Whichever means is used, the end result is a value being added to the Registry, which means if there is no EDR capability on the system at the time that the port is created, we can still determine if a port was, in fact, created. This would be reflected in a new value being added to the Registry key, and the key LastWrite time being updated accordingly. The RegRipper ports.pl plugin will extract this information, and creating a timeline that includes Registry key LastWrite times will likely show the Registry key modification within the timeline.

Other RegRipper plugins that address toolmarks from open reporting associated with printers on Windows include:

printer_settings.pl - retrieves printer attributes, looking for indications that printers were set to not delete print jobs after they were spooled and sent to the printer (per Project TajMahal open reporting), enabling local data staging. 

printprocessors.pl - this open reporting on Winnti indicates that print processors have been used for persistence.

The purpose of this blog post (as well as the previous one) has been to illustrate a means by which open reporting can be incorporated into any analyst's process. In this example, I've shared the names of RegRipper plugins I've created, so that the toolmarks, along with the appropriate MITRE ATT&CK mappings and analysis tips, are always available to me during my analysis. As I've included the online resources in the headers of the plugins, I have those resources available should I need to refer to them. Overall, this adds breadth, depth, and most importantly, consistency to my analysis process, letting me get to the actual analysis much sooner. From this point, I can then curate any new findings or lessons learned based on that analysis, and bake that back into my process, extending that capability yet again.

There are, of course, other means to go about baking new findings and lessons learned back into your analysis process.  However, it depends largely upon what you're able to ingest or incorporate.  For example, if you're doing malware analysis or any sort of log analysis, Yara rules might provide a good option for you. The Nuix Investigate product includes extensions for both RegRipper and Yara rules, extending the capabilities of the product.

Yet another means is to use something like wevtx.bat, which uses eventmap.txt to provide a small modicum of enrichment to specific Windows Event Log records as they're added to a timeline.

These are all very basic means for extending your current analysis process with new toolmarks from open reporting, as well as baking new findings and lessons learned back into the process.

I've talked about toolmarks before...what they are, why (I believe) they're important, that sort of thing.  I've also described how I've implemented them, and about toolmarks specific to different artifacts, such as LNK files. The primary source for toolmarks should be the investigations you're performing; when you do data collection pursuant to an investigation, those toolmarks that you develop should be baked back into your analysis process.  For #DFIR consulting businesses, this is a truly powerful use of the petabytes of data flowing through your organization on a monthly basis, driving toward increasingly efficient analysis and reducing the engagement/SOW lifecycle.

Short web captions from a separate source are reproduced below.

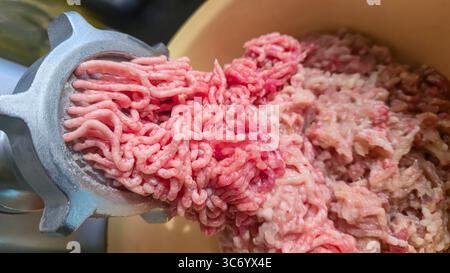 Macinacaffè con carne macinata fresca sul tavolo della cucina. Primo piano della carne macinata che cade in un recipiente di metallo. Messa a fuoco selettiva. Foto Stock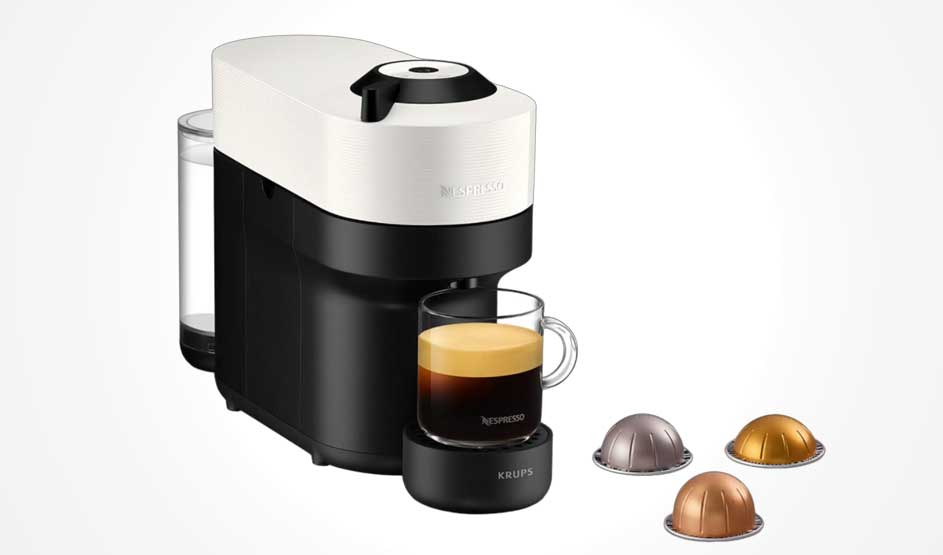 Een compacte capsulekoffiemachine zet koffie in een glazen kopje, met waterreservoir achteraan en drie capsules op de lichte ondergrond.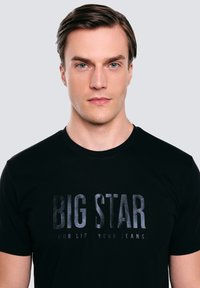 Černé bavlněné tričko s velkým grafickým potiskem v tmavě šedé, na kterém je napsáno "BIG STAR" a "OUR LIFE YOUR JEANS." Krátké rukávy a kulatý výstřih.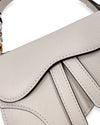 Close-up of a light gray saddle-style handbag showing the textured curved flap design and part of the patterned scarf tied to the handle.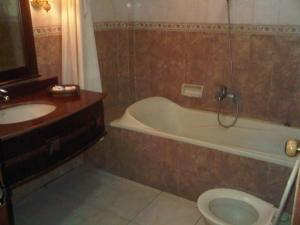 a bathroom with a tub and a toilet and a sink at Larisae Setia Kawan Hotel in Kadiporo +58 photos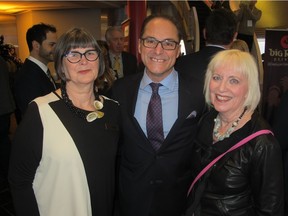 Cal 0116 Yellow 2 Among the dignitaries in attendance at the  official launch of One Yellow Rabbit's 30th Anniversary High Performance Rodeo held Jan 7 atop the Calgary Tower  were Alberta Minister of Finance Joe Ceci with One Yellow Rabbit (OYR) managing director and artistic producer, High Performance Rodeo Ann Connors (left) and OYR consultant Dale Turri.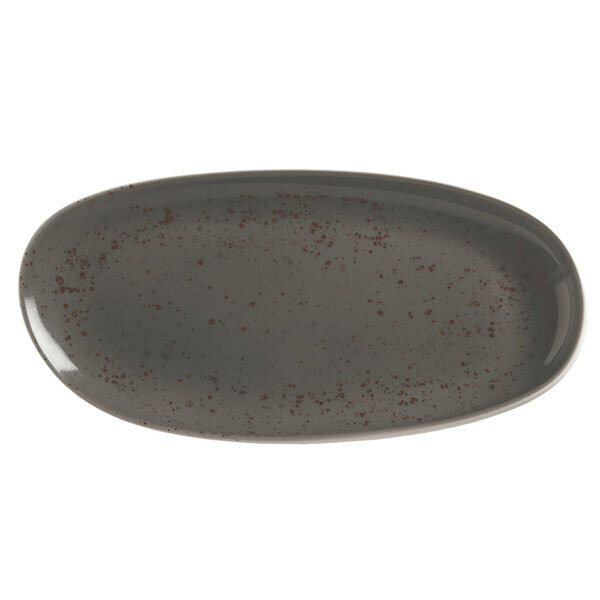 A grey oval Schonwald porcelain platter with red specks.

While your own investigations should be the primary source of toolmarks, you can also take advantage of open source reporting to extend this capability. In some cases, open source reports are full of unrealized toolmarks, which any organization can leverage to extend their detection and threat hunting (including #DFIR threat hunting) capabilities. 

I know what you're thinking...how would you go about doing that?  How do you turn open source reporting into something actionable, leveraging toolmarks to extend your organization's capabilities?  Well, let's take a look...

Recently, Microsoft published a security blog regarding the 2nd stage activation from SunBurst, and based on the information they provided in the article, I thought that this would be a good opportunity to illustrate how to extract or realize toolmarks from open source reporting. The Microsoft article is a great example, because it is chock full of intrusion intel that leads directly to toolmarks.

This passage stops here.